## Problem requirements
Please copy the lines below, exactly as they are, from the one with "Tapa Combustible Tapa" through the one with "Entertainment GmbH Zeichentrickspielfilm", and leave out the pictures.

## Data records
__________________________________________________
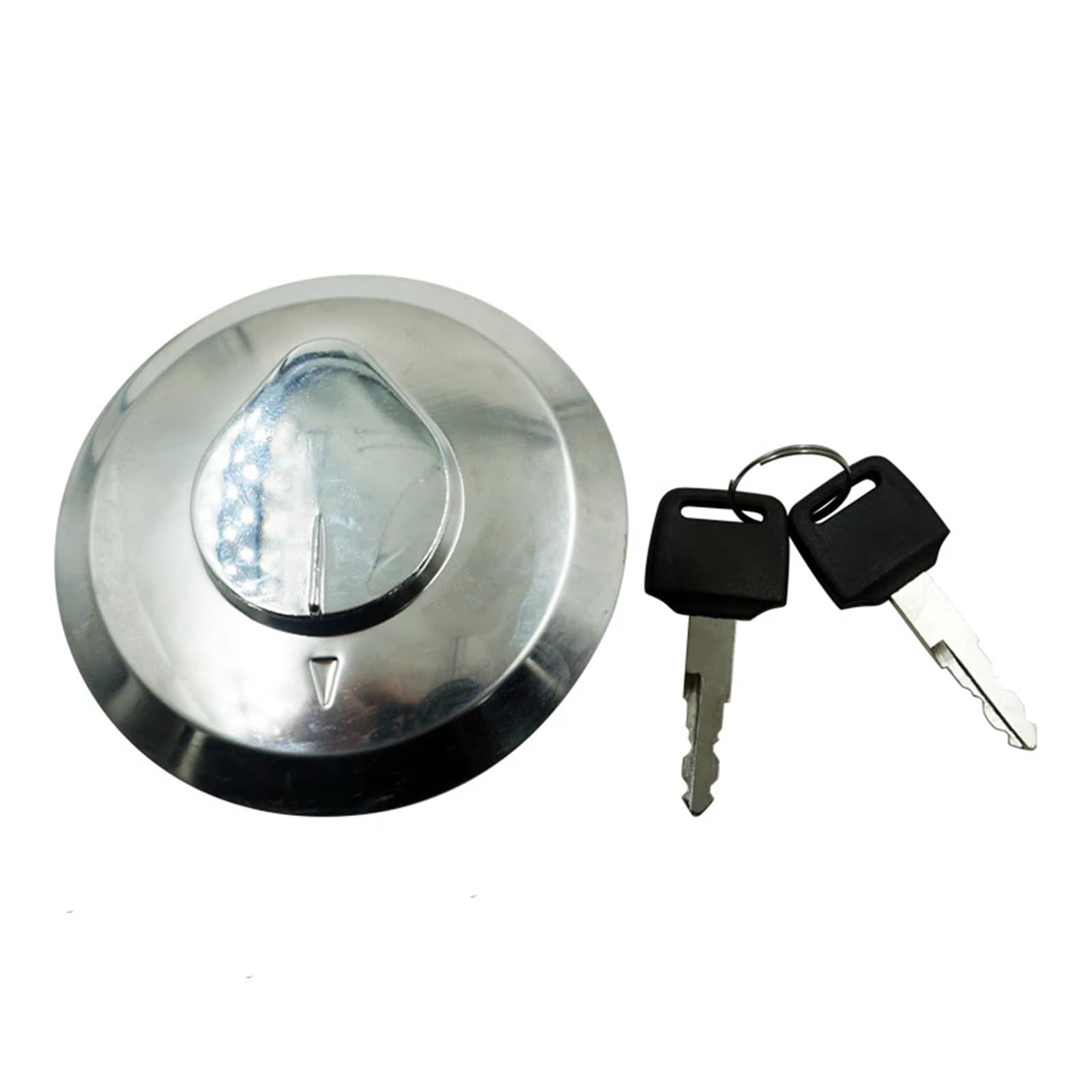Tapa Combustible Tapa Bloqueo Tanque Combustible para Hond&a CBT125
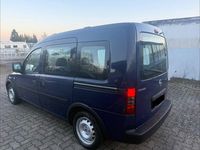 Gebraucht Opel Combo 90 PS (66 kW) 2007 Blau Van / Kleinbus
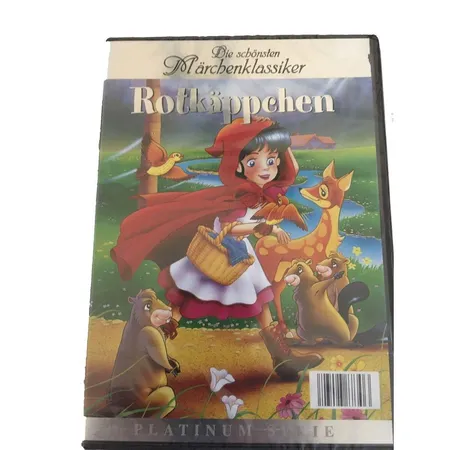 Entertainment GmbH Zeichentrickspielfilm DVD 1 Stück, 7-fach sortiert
__________________________________________________
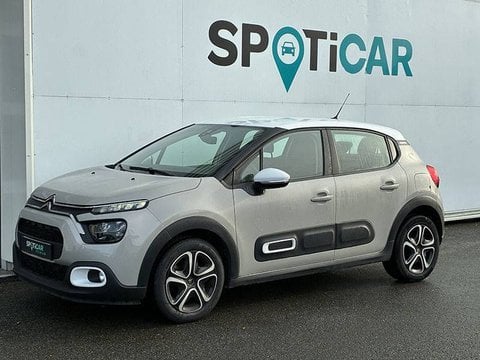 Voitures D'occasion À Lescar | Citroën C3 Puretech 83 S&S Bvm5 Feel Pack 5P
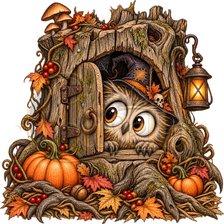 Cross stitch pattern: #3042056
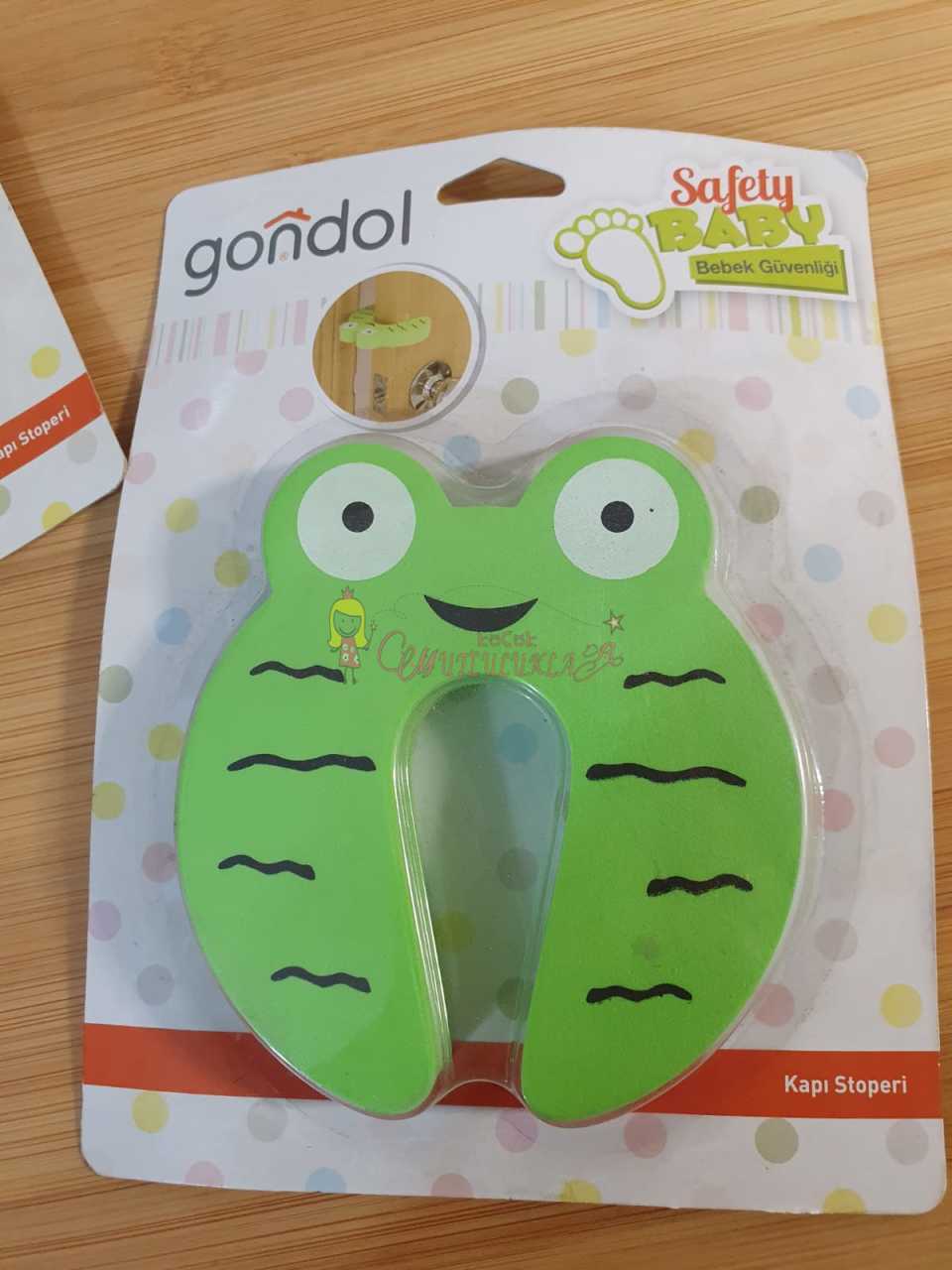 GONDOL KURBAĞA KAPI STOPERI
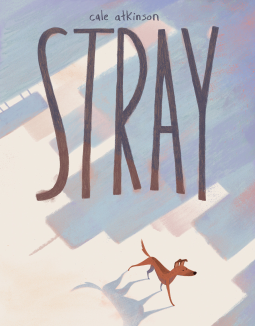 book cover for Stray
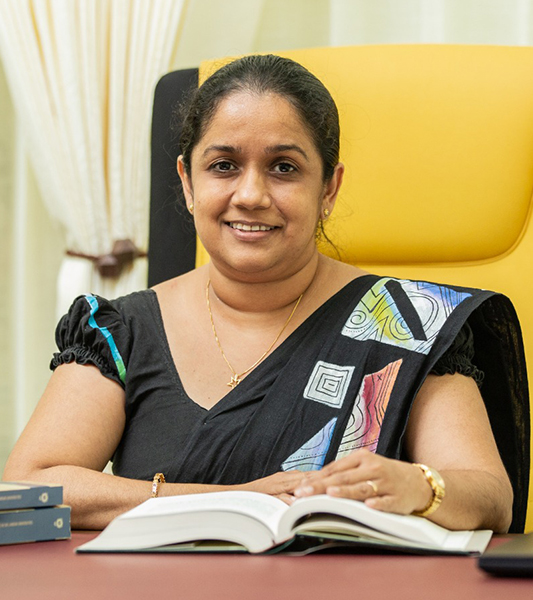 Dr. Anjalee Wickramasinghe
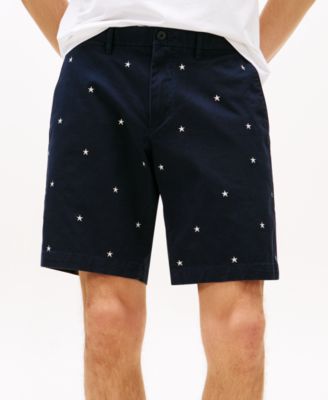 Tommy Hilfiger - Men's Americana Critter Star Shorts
__________________________________________________
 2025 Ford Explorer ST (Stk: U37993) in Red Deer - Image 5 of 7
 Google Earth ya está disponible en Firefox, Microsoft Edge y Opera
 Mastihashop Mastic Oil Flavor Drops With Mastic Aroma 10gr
__________________________________________________
## Solution to the problem
Tapa Combustible Tapa Bloqueo Tanque Combustible para Hond&a CBT125
 Gebraucht Opel Combo 90 PS (66 kW) 2007 Blau Van / Kleinbus
 Entertainment GmbH Zeichentrickspielfilm DVD 1 Stück, 7-fach sortiert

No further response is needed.